W 1305 zmarł Wacław II. Rok później został zamordowany jego syn. Tron królewski w Polsce został opróżniony. Łokietek po zajęciu Sandomierza zyskał popularność. Był wymieniany jako pierwszy kandydat do objęcia tronu Polski.
Władysław nie próżnował. Opanował Małopolskę i wkroczył do Krakowa. Następnie zdobył Wielkopolskę, z Gnieznem i Poznaniem. Gniezno miało wielkie znaczenie symboliczne. To było miejsce koronacji dotychczasowych królów Polski. Pomorza Zachodniego, zajętego przez Krzyżaków, nie zdołał odzyskać. Walkę z zakonnymi rycerzami odłożył na później. Najpierw musiał zdobyć koronę Polski. Bez niej wśród innych władców był niewiele znaczącym księciem.
Starania o koronę
Piastowscy książęta pogodzili się z tym, a przynajmniej tak udawali, że ich przywódcą jest Władysław Łokietek, potomek Bolesława Krzywoustego. Łokietek, ten niskiej postury mężczyzna, niejeden raz pokazał, że ma twardą rękę. Woleli mu się nie sprzeciwiać.
Nie zważając na protesty króla Czech Jana Luksemburskiego, który nastał po Wacławie II, ani na wrogie knowania Krzyżaków, Łokietek zwrócił się do papieża Jana XXII o zgodę na królewską koronację. Dla siebie oraz dla swojej małżonki, księżnej Jadwigi.

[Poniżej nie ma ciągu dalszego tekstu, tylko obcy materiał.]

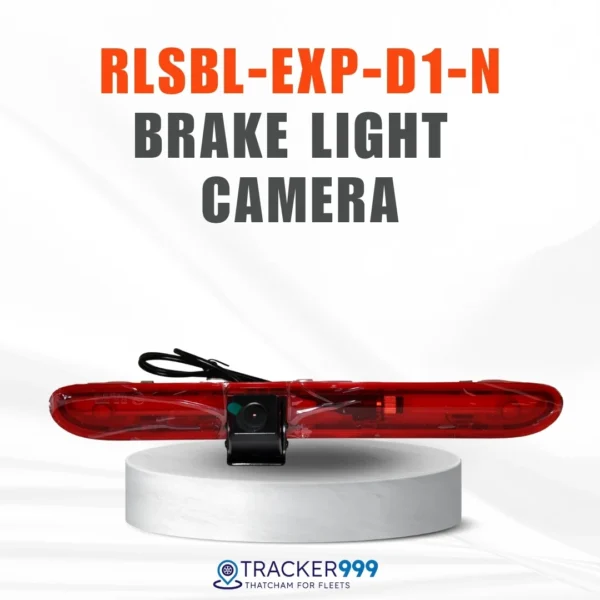 Peugeot Expert, Citroen Dispatch 2016+, Vauxhall Vivaro 2019+ Brake Light Camera - D1 NTSC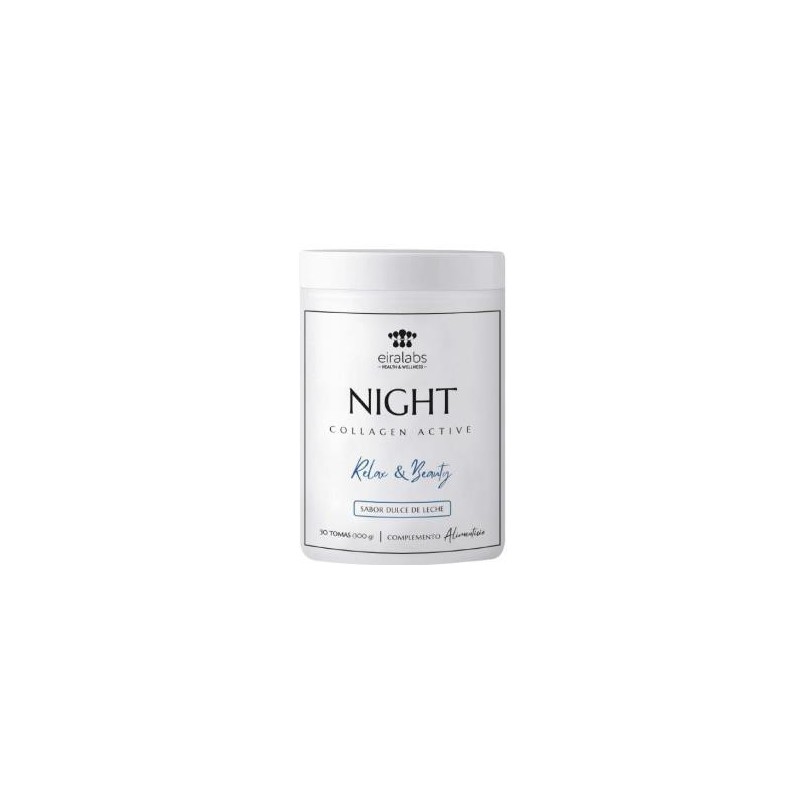 Night collagen active 300 g Eiralabs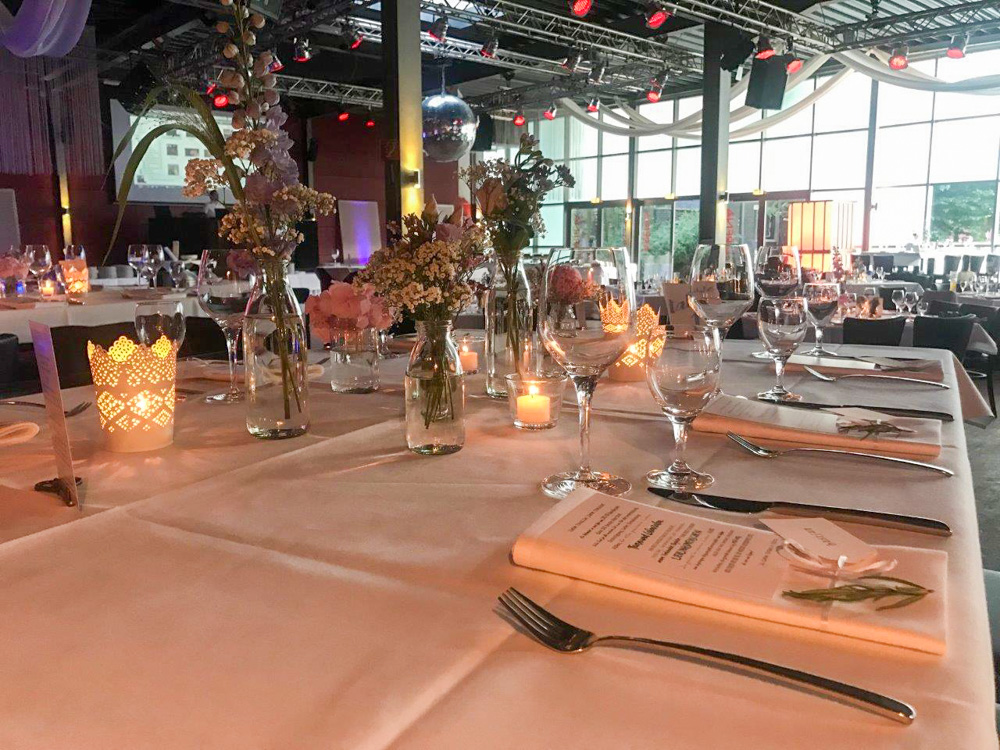 Stolzenhoff Catering Partnerlocation - Vest Arena, Recklinghausen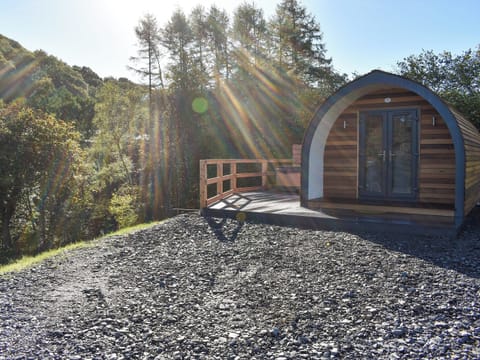 Exterior | Glampio Trysor Merddwr - Glampio Trysor, Corwen, near Bala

Bez zgody papieża nie mógłby zostać legalnym królem, uznawanym przez innych monarchów.
Na negocjacje do Rzymu wysłał biskupa Gerwarda, który wcześniej kilka lat przebywał w Piotrowej stolicy. Gerward wiedział, jakie zwyczaje tam panują. A przede wszystkim wiedział, że Jan XXII jest bardzo łasy na pieniądze. W historii Kościoła ten papież znany jest z tego, że wykorzystując najróżniejsze sposoby odnowił i powiększył finanse Watykanu.
Negocjacje trwały niemal przez cały 1319 rok. Biskup Gerward robił wszystko, aby przyciągnąć papieża na stronę piastowskiej pary. Mamił go wizją walki, jaką Łokietek podejmie z pogańskim ludami mieszkającymi na wschód od Polski. Zapewniał go o lojalności Piastów, którym zawsze było bliżej do papieża niż do konkurujących z nim cesarzy. A przede wszystkim podejmował coraz to nowe próby przekupstwa. Nie wiadomo, skąd Łokietek miał tyle pieniędzy, bo musiały to być znaczne sumy.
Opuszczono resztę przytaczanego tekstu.